During the meeting, committee members were split into groups to learn how to advocate using a phone, how to spread information and how to speak with legislators.
Champion said if legislators do not opt for funding that helps the district, another TRE could potentially be up for a vote in November.
“If changes to the state funding formulas increase overall funding per student to an adequate amount to provide services, a TRE will not be necessary,” he said.
The KLC outline their main priorities for the legislative session including replacing the A-F statewide system with a more fleshed-out accountability system that would analyze several qualities of a school; better budgeting for Texas public schools, including more funding per student; requiring all schools that recieve tax dollars to be held to the same standards as public schools, and disavowing school vouchers.
Liberty Corn, teacher for Klein ISD, said she is passionate about her job and wants to be able to provide for her students with better funding.

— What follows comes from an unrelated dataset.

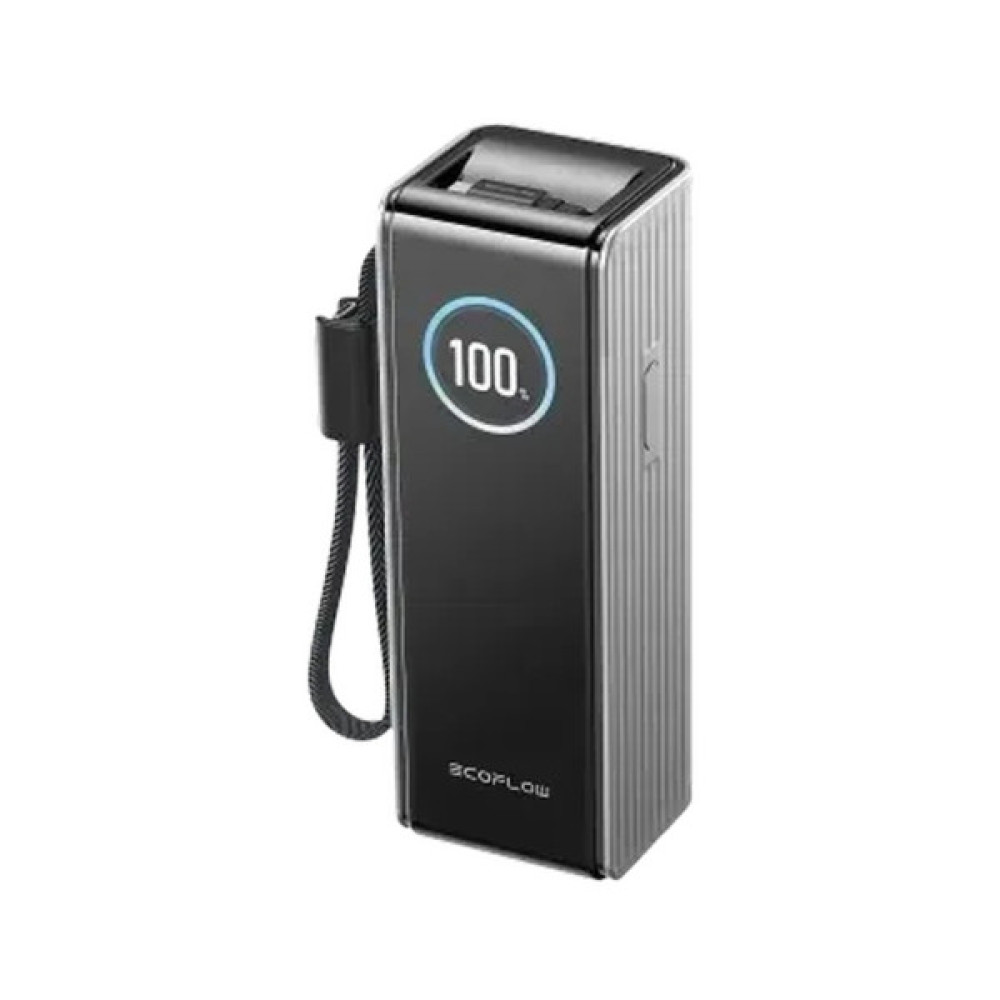 Батарея універсальна EcoFlow RAPID Power Bank 25000mAh with cables silver (EF-RAPID25K100W-S-EU)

Corn said she is upset about having less funding than surrounding states. In 2016 Louisiana, a smaller southern state, provided approximately $11,000 per student compared to approximately $9,000 per student Texas.
“That effects our kids daily when we can’t take field trips because we don’t have funding for buses,” she said. “I work in a low-income school. Some of my kids have never been to the zoo. It would be great to go to the zoo, but we can’t go because we don’t have money for buses to go. That’s ridiculous to me.”